A `FullyShardedDataParallel` instance holds references to all of its handles.
- For the recursive-wrapping paradigm, there is at most one handle, which is from its `FlattenParamsWrapper` if it manages parameters.
- For the non-recursive wrapping paradigm, there may be multiple handles, all owned by the single (root) `FullyShardedDataParallel` instance.
## For Reviewers
### `FlatParameter` Construction
In the existing implementation, a `FlatParameter`'s metadata was partially initialized in its constructor (e.g. `_param_numels`, `_param_shapes`) and partially initialized by the owning `FlattenParamsWrapper` (e.g. `_param_infos`, `_shared_param_infos`). The latter part was needed due to requiring module information. With this PR, the metadata initialization is consolidated in `FlatParamHandle`.
- During model construction, a `FlatParameter` should be initialized via the handle constructor`FlatParamHandle(params, module)`.

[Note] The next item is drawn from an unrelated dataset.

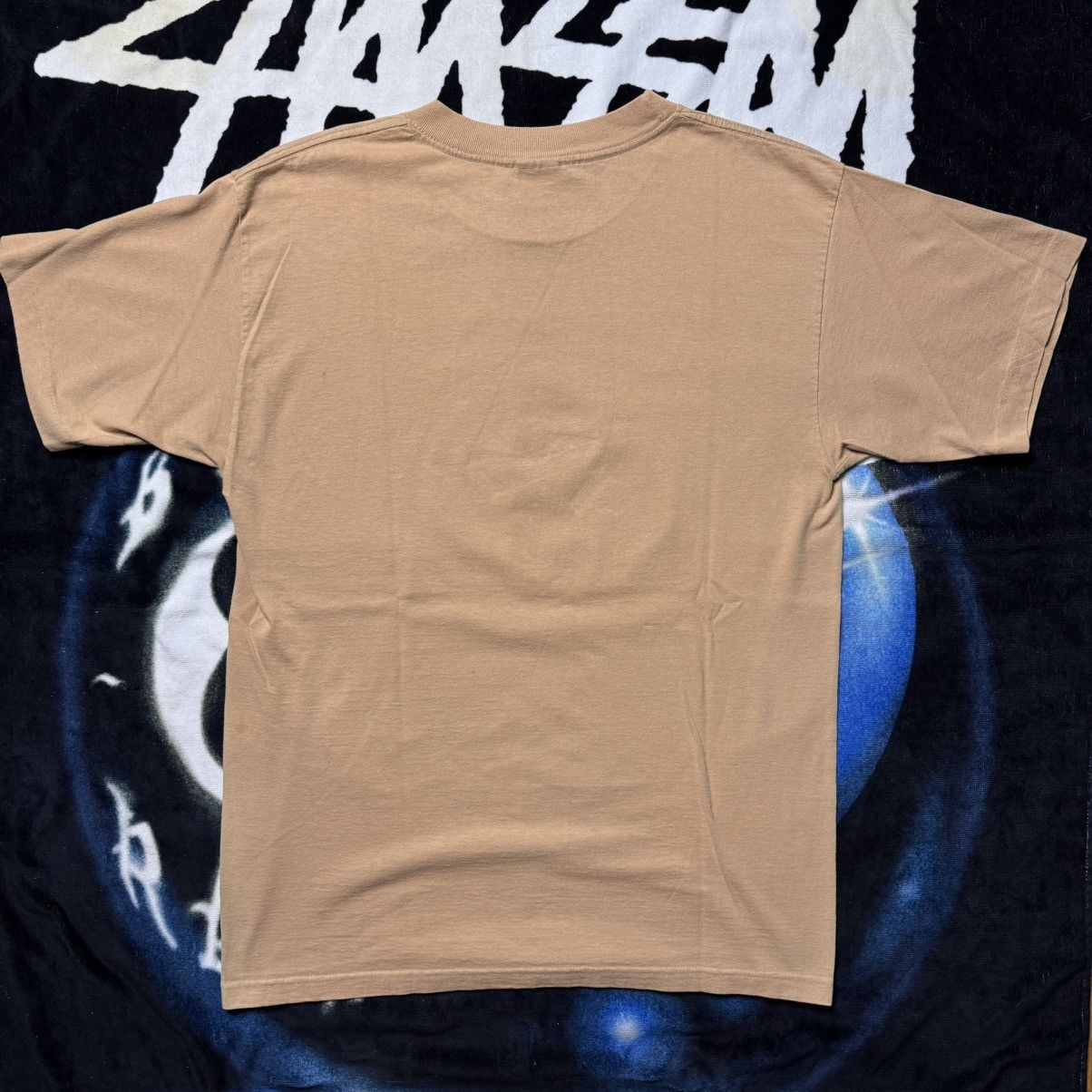 Band Tees 90's Sebadoh tee Size US L / EU 52-54 / 3 - 6 Thumbnail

- During sharded checkpoint loading, a `FlatParameter` should be initialized via the static method `FlatParamHandle.flatten_params(new_params)`.
- The checkpointing implementation is responsible for checking that `new_params` used to construct the `FlatParameter` data to load is consistent with the existing `FlatParameter`'s metadata.
These are the only two cases for `FlatParameter` construction right now, so there is no real functionality regression by not recomputing some of the metadata in the `FlatParameter` constructor. The `nn.Module.state_dict()` is implemented using in-place `copy_()`, so the new loaded `FlatParameter`'s metadata *should* match the existing `FlatParameter`'s metadata for correctness anyway. (I.e. we do not support a usage where we reload a `FlatParameter` with differing metadata into an existing `FlatParameter`.)
### BC Breaking
- `ShardMetadata` -> `FlatParamShardMetadata` to avoid name conflict with `ShardedTensor`
- `metadata()` -> removed (unused)
- `FlatParameter` attributes
- `_param_numels` -> `_numels`
- `_param_shapes` -> `_shapes`
- `_param_names` -> `_prefixed_param_names`
- `full_numel` -> `_unsharded_size.numel()`
- `_param_indice_in_shard` -> `_shard_indices`
- `_sharded_param_offsets` -> `_shard_param_offsets`
- `num_padded` -> `_shard_numel_padded`
- `param_offsets` -> not saved; directly constructed in `_get_flat_param_offsets()` and used once
- `FlattenParamsWrapper` `param_list` argument -> `params` for consistency with `FlatParameter`
## Follow-Ups
- The current `FlatParameter`'s `data` represents either the sharded unflattened parameter, unsharded unflattened parameter, or reduced-precision sharded unflattened parameter, depending dynamically on the runtime context. When its `data` represents one quantity, the other quantities are still saved as attributes on the `FlatParameter` (e.g. `_local_shard`, `_full_param_padded`, `_mp_shard`). `FullyShardedDataParallel` directly manipulates the `data`.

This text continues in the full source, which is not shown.